● **What you are asked to do**:
Restate word for word the lines below from the one that has "ترکیب برنج با مایه ته چین مرغ و بادمجان" through the one that has "Woodsea Sushi M", keeping both and dropping all pictures.

Pictures with short captions
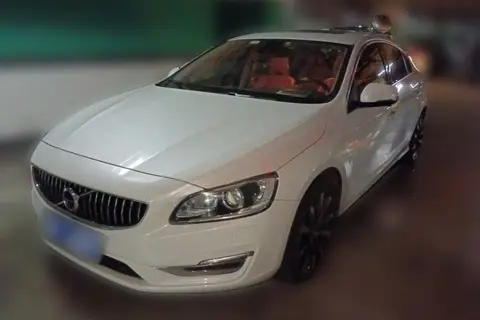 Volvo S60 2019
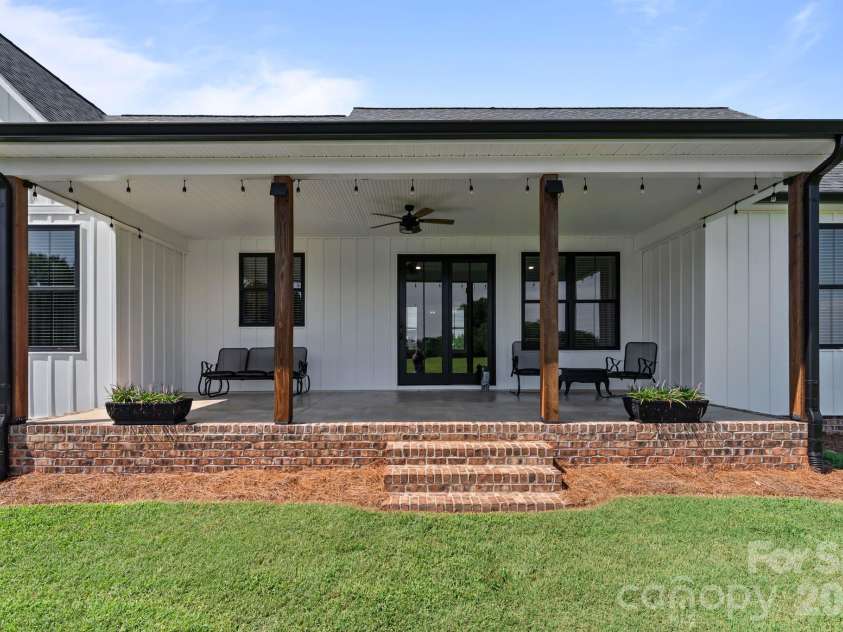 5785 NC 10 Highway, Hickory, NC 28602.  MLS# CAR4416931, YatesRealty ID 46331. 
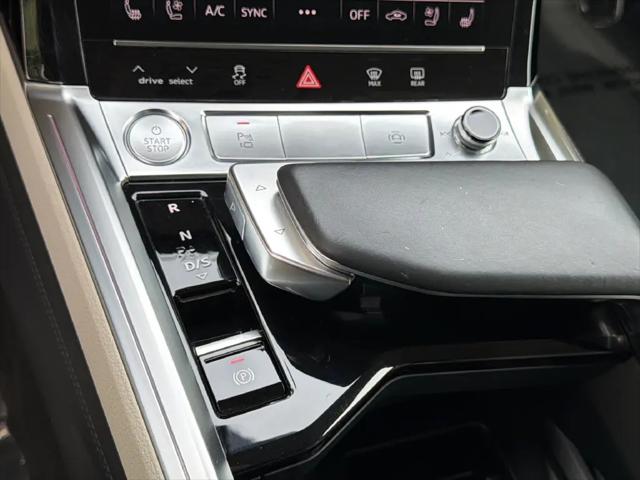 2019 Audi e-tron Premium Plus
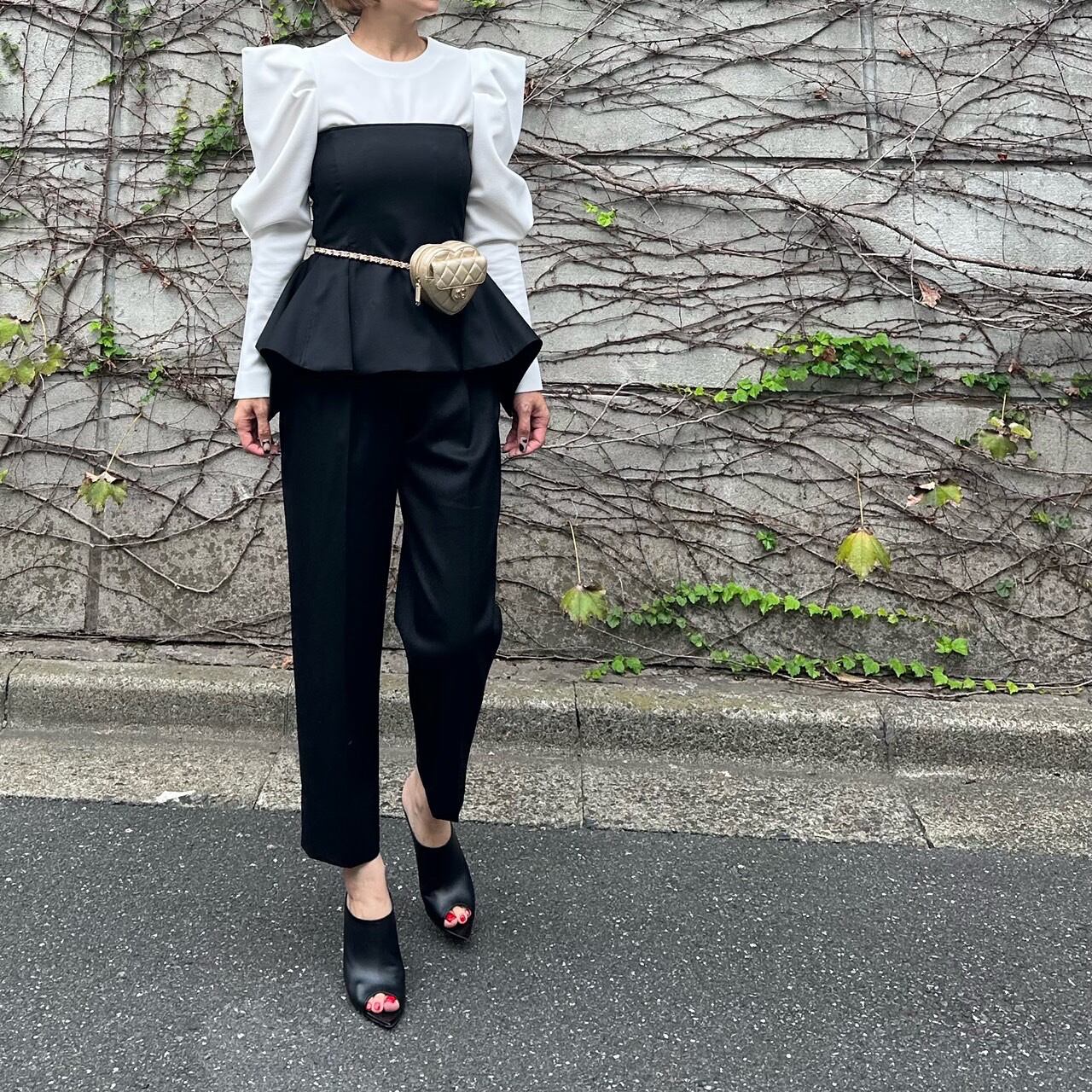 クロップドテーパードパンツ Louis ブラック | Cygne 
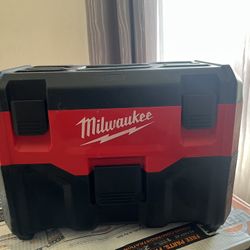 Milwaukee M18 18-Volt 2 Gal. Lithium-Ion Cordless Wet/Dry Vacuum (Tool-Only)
* * *
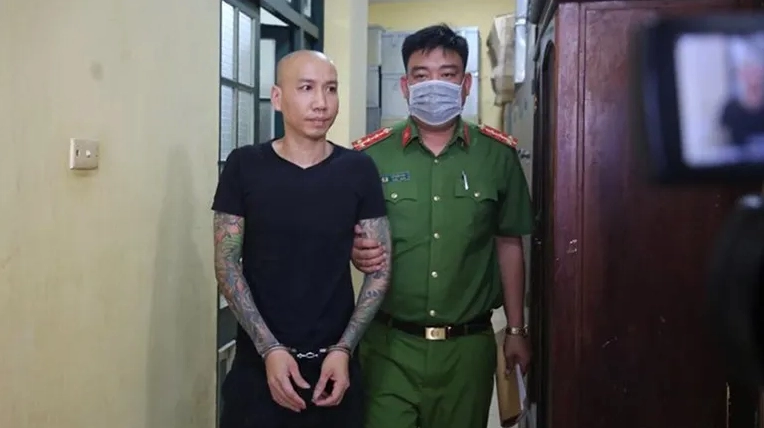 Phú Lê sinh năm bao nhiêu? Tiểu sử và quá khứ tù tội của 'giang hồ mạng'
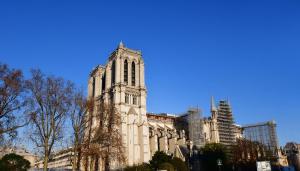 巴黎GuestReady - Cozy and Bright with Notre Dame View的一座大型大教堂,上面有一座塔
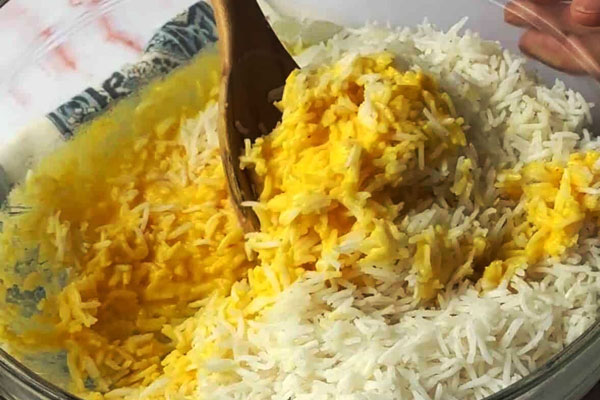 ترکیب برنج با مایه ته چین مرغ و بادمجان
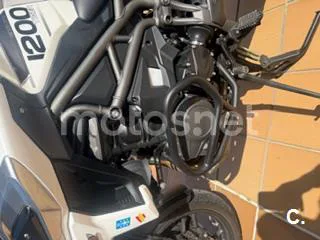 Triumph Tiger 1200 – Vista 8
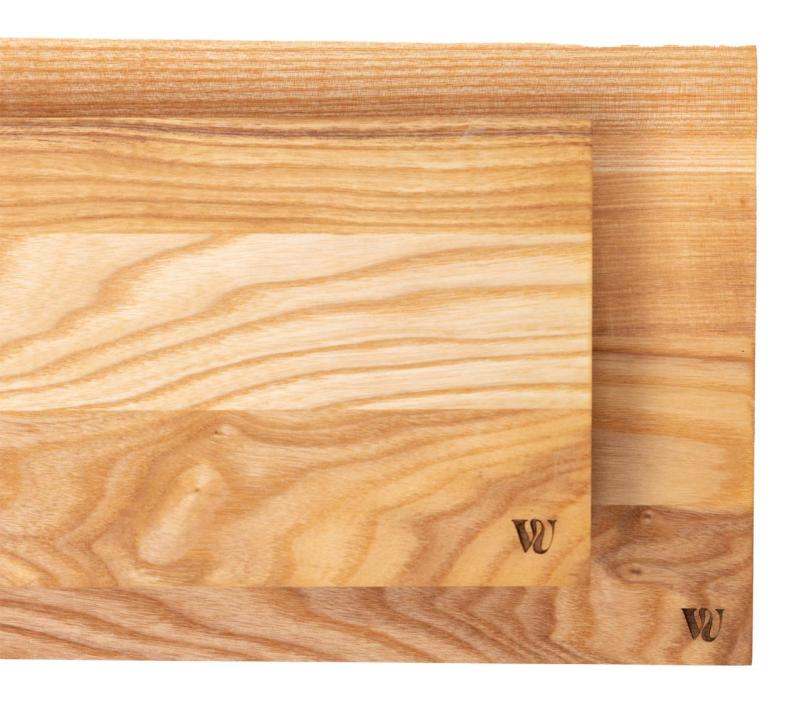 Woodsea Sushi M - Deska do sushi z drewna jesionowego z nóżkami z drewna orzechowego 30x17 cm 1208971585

● **Response to this exercise**:
 ترکیب برنج با مایه ته چین مرغ و بادمجان
 Triumph Tiger 1200 – Vista 8
 Woodsea Sushi M - Deska do sushi z drewna jesionowego z nóżkami z drewna orzechowego 30x17 cm 1208971585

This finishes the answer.